**What you are asked to do**
Leaving the pictures aside, repeat the entries exactly.

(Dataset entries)
══════════

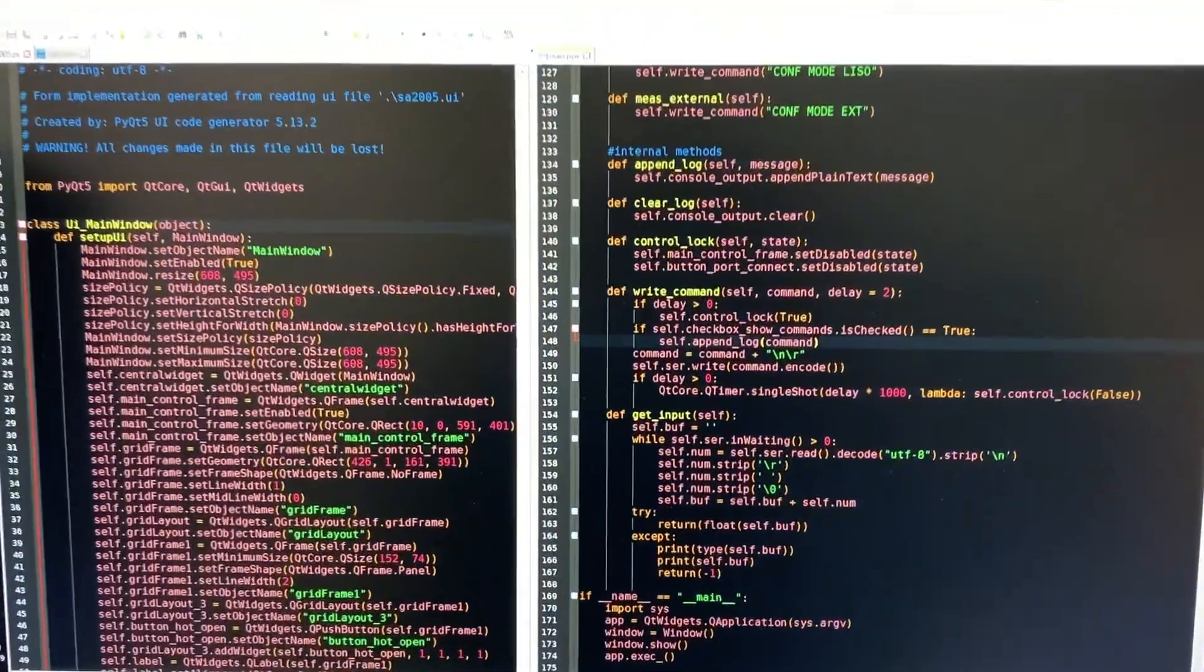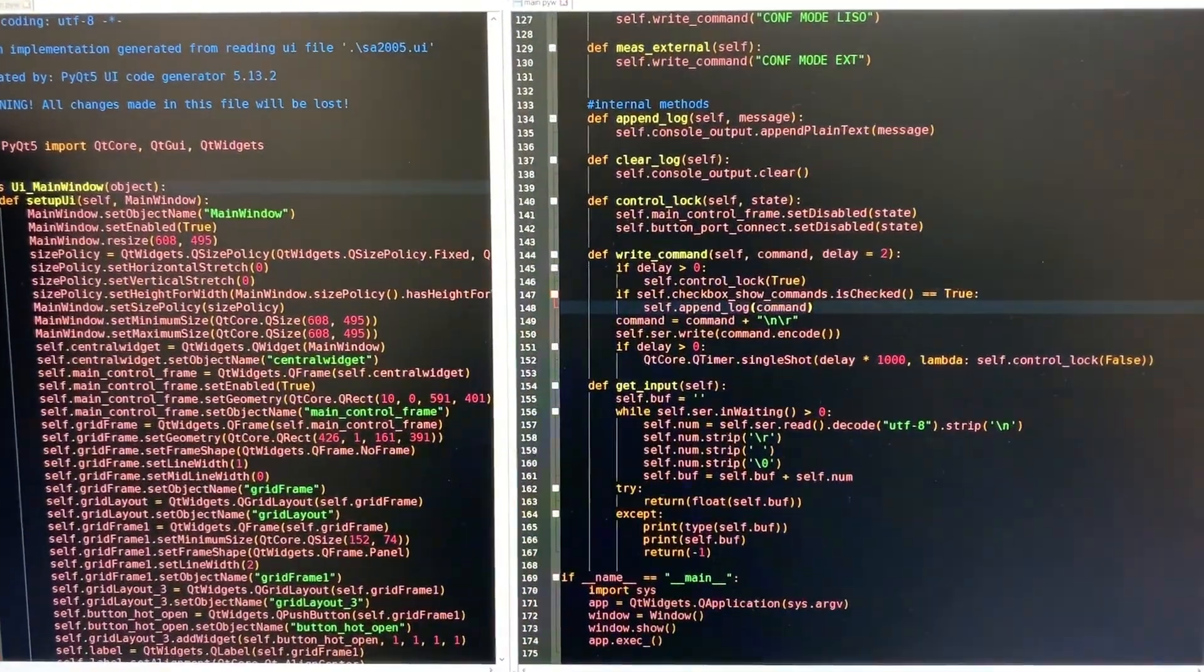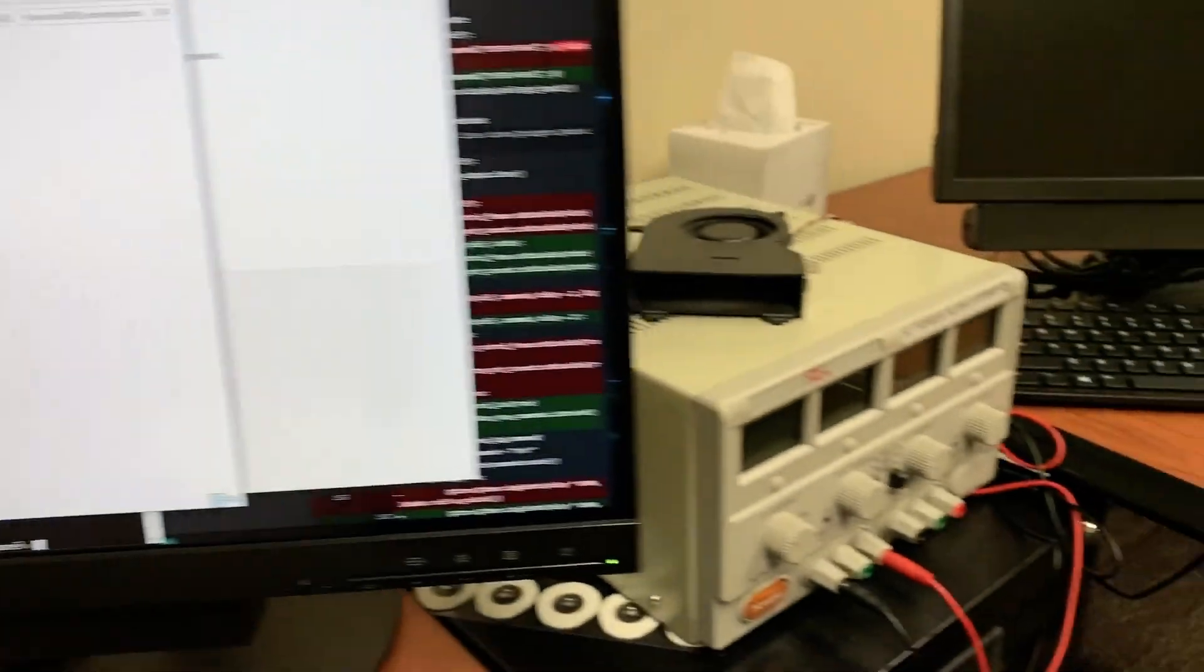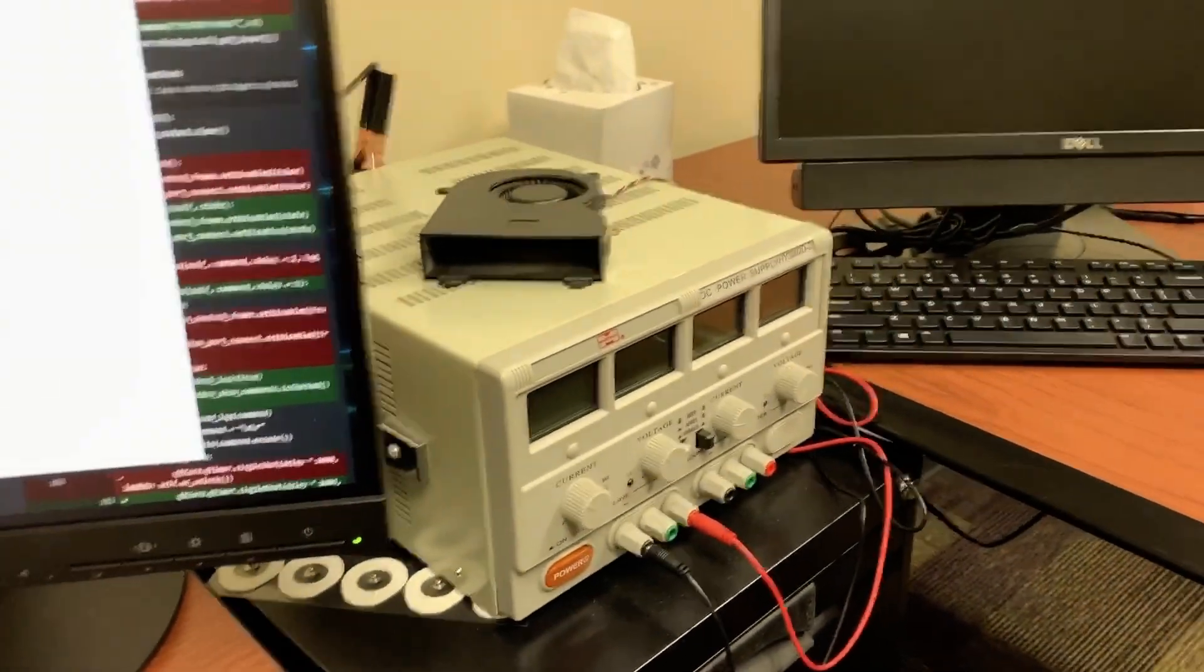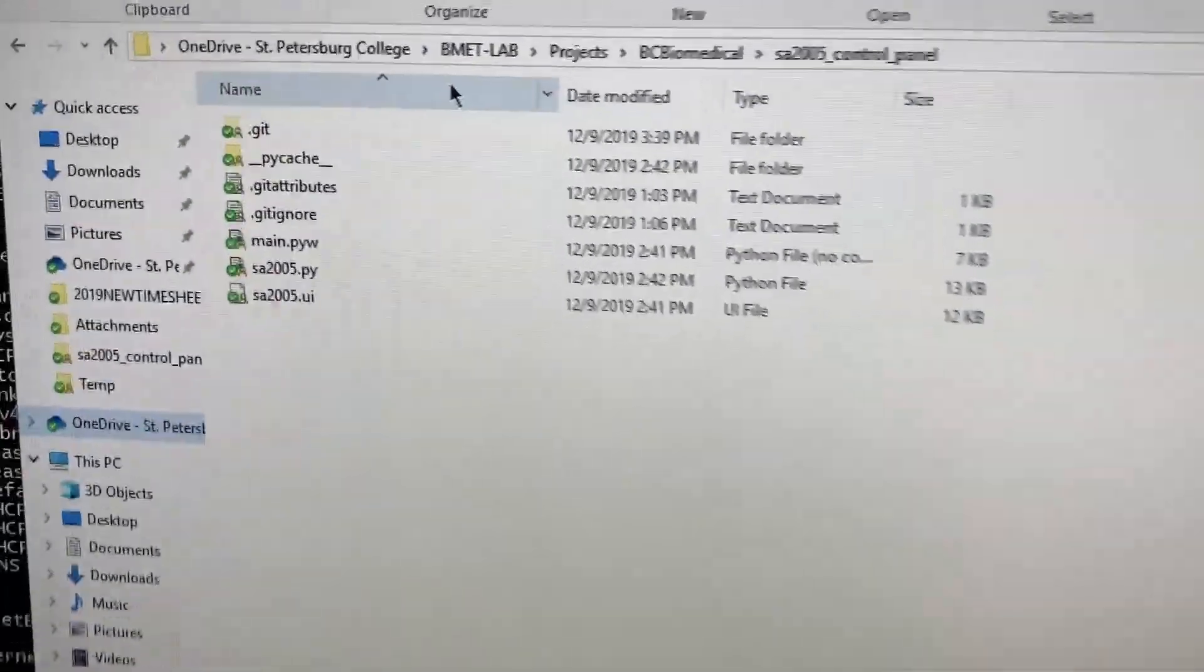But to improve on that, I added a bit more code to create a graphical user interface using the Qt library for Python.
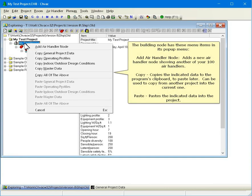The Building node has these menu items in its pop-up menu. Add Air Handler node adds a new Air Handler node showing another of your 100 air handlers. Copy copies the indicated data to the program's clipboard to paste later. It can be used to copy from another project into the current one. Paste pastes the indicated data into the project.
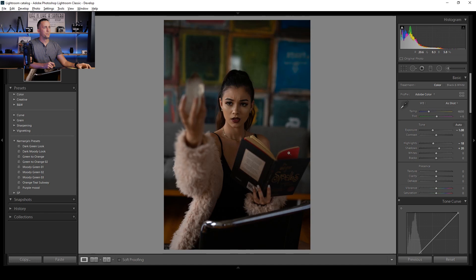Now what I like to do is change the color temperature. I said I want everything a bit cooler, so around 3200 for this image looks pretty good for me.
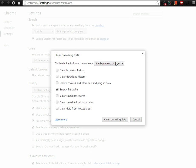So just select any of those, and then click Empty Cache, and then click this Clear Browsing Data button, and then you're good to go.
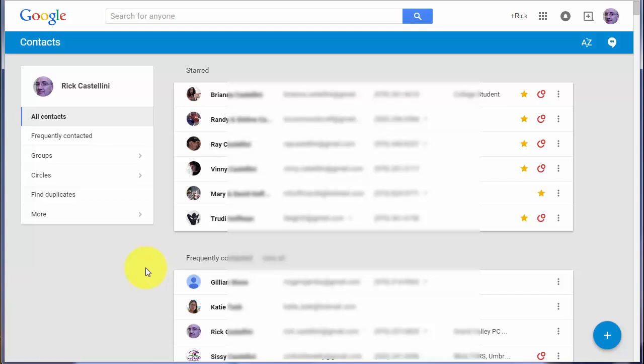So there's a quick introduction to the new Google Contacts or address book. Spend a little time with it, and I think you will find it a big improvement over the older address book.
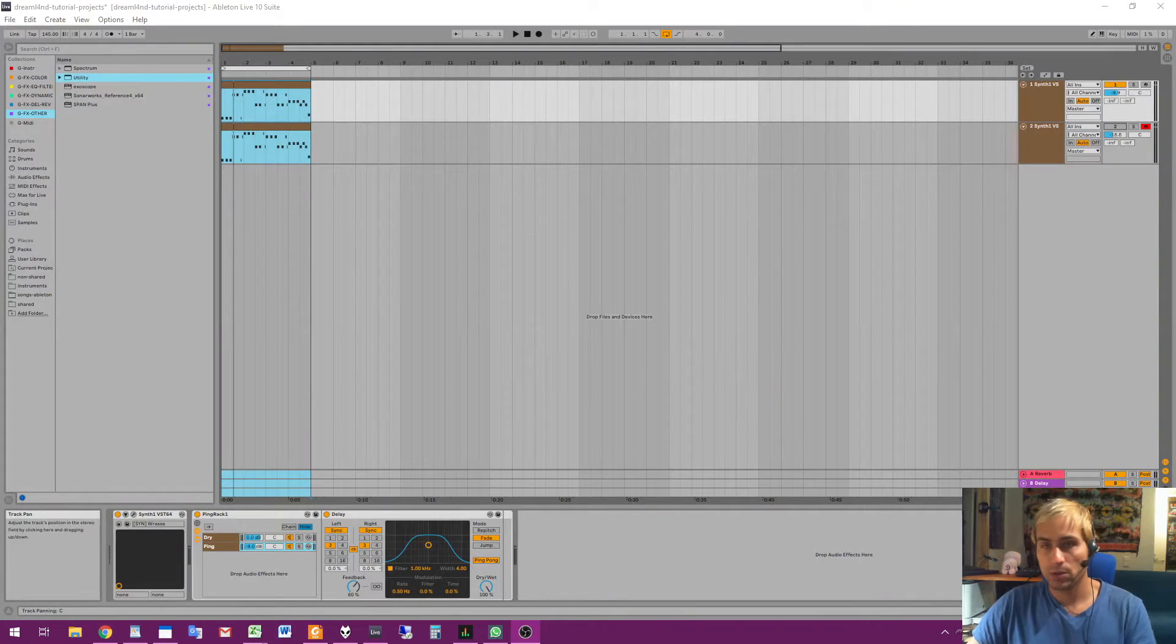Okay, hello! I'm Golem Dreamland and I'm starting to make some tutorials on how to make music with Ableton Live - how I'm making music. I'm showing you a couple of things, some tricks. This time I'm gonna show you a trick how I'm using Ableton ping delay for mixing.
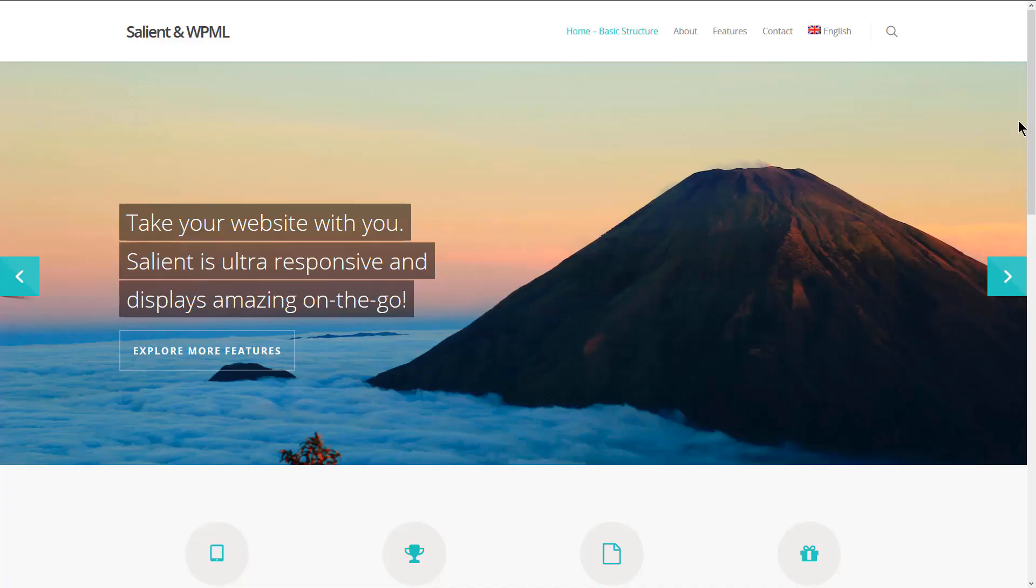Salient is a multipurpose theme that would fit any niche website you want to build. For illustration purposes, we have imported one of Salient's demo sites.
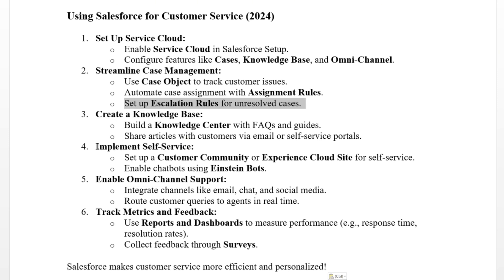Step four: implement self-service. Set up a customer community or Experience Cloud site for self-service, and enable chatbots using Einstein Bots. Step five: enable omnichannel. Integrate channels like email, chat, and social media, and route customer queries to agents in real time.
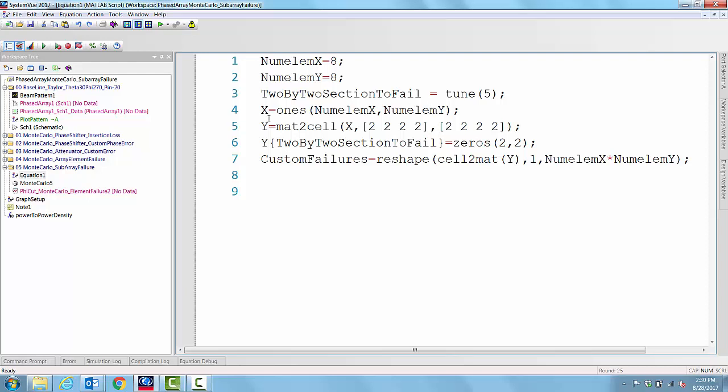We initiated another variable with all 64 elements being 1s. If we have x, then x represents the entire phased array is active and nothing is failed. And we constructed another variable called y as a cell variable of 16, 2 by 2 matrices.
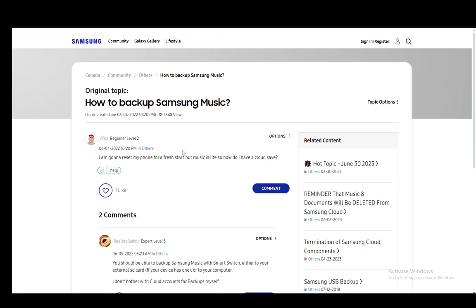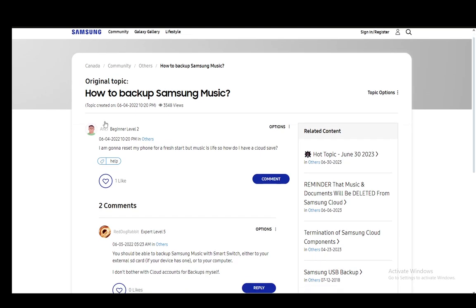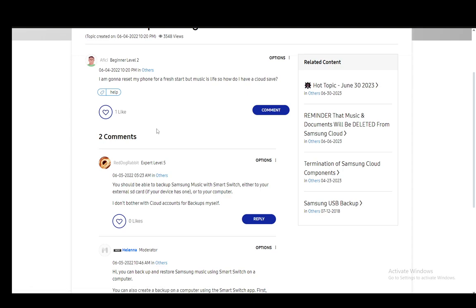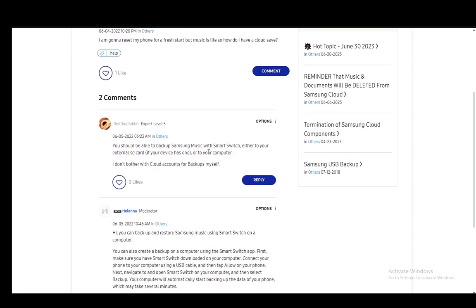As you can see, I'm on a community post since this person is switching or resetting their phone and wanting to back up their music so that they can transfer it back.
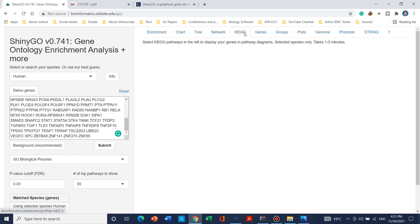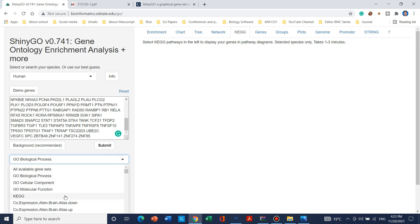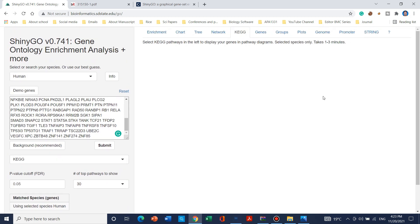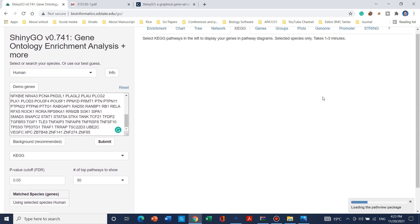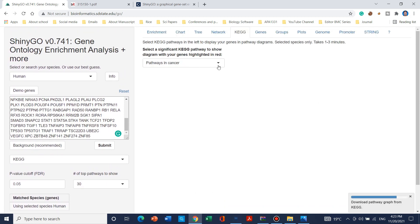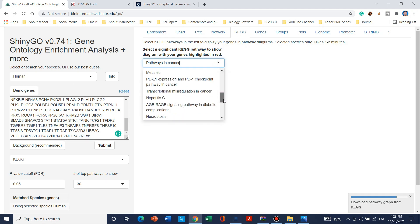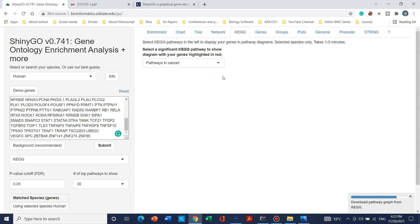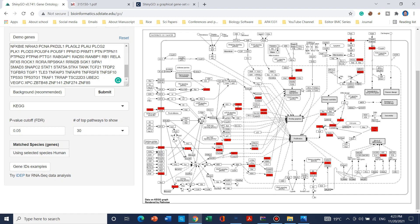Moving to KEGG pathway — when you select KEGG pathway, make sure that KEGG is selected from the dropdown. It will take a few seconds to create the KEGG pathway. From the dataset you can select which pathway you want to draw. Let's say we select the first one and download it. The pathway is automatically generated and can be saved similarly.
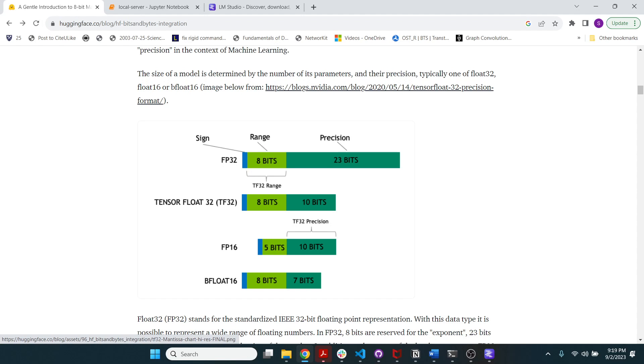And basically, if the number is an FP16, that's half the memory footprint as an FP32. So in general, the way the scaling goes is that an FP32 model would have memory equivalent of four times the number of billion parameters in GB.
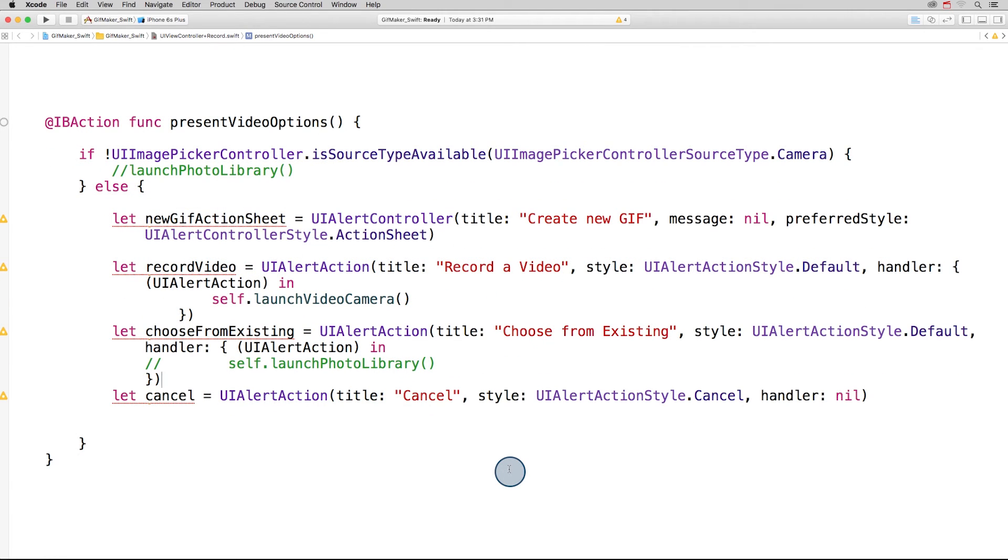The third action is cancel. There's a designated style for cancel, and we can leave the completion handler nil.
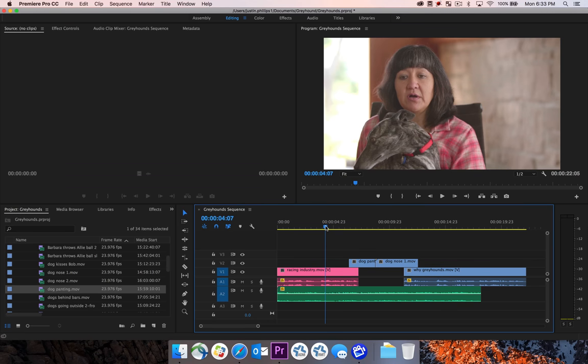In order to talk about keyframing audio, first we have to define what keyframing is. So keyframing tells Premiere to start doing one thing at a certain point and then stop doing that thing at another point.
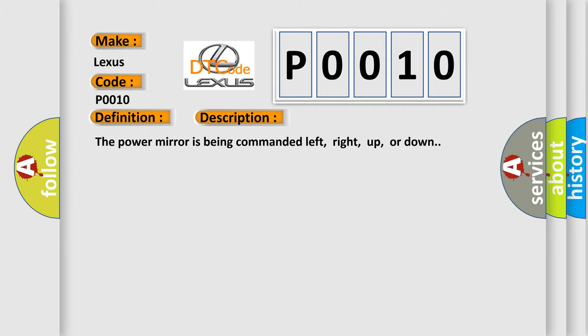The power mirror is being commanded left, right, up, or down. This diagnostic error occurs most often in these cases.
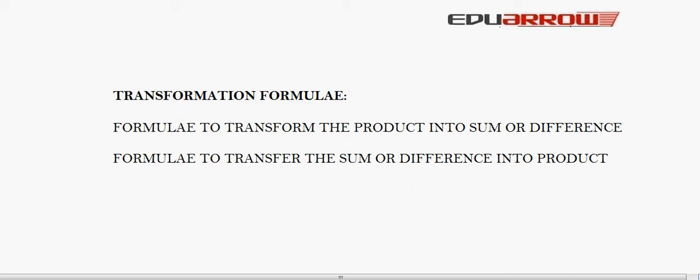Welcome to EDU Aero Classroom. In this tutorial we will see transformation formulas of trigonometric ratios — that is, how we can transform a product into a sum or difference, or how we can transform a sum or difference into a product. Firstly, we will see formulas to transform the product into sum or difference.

══════════

**Problem solution**
But to improve on that, I added a bit more code to create a graphical user interface using the Qt library for Python.
The Building node has these menu items in its pop-up menu. Add Air Handler node adds a new Air Handler node showing another of your 100 air handlers. Copy copies the indicated data to the program's clipboard to paste later. It can be used to copy from another project into the current one. Paste pastes the indicated data into the project.
Now what I like to do is change the color temperature. I said I want everything a bit cooler, so around 3200 for this image looks pretty good for me.
So just select any of those, and then click Empty Cache, and then click this Clear Browsing Data button, and then you're good to go.
So there's a quick introduction to the new Google Contacts or address book. Spend a little time with it, and I think you will find it a big improvement over the older address book.
Okay, hello! I'm Golem Dreamland and I'm starting to make some tutorials on how to make music with Ableton Live - how I'm making music. I'm showing you a couple of things, some tricks. This time I'm gonna show you a trick how I'm using Ableton ping delay for mixing.
Salient is a multipurpose theme that would fit any niche website you want to build. For illustration purposes, we have imported one of Salient's demo sites.
Step four: implement self-service. Set up a customer community or Experience Cloud site for self-service, and enable chatbots using Einstein Bots. Step five: enable omnichannel. Integrate channels like email, chat, and social media, and route customer queries to agents in real time.
We initiated another variable with all 64 elements being 1s. If we have x, then x represents the entire phased array is active and nothing is failed. And we constructed another variable called y as a cell variable of 16, 2 by 2 matrices.
As you can see, I'm on a community post since this person is switching or resetting their phone and wanting to back up their music so that they can transfer it back.
Moving to KEGG pathway — when you select KEGG pathway, make sure that KEGG is selected from the dropdown. It will take a few seconds to create the KEGG pathway. From the dataset you can select which pathway you want to draw. Let's say we select the first one and download it. The pathway is automatically generated and can be saved similarly.
And basically, if the number is an FP16, that's half the memory footprint as an FP32. So in general, the way the scaling goes is that an FP32 model would have memory equivalent of four times the number of billion parameters in GB.
The third action is cancel. There's a designated style for cancel, and we can leave the completion handler nil.
In order to talk about keyframing audio, first we have to define what keyframing is. So keyframing tells Premiere to start doing one thing at a certain point and then stop doing that thing at another point.
The power mirror is being commanded left, right, up, or down. This diagnostic error occurs most often in these cases.
Welcome to EDU Aero Classroom. In this tutorial we will see transformation formulas of trigonometric ratios — that is, how we can transform a product into a sum or difference, or how we can transform a sum or difference into a product. Firstly, we will see formulas to transform the product into sum or difference.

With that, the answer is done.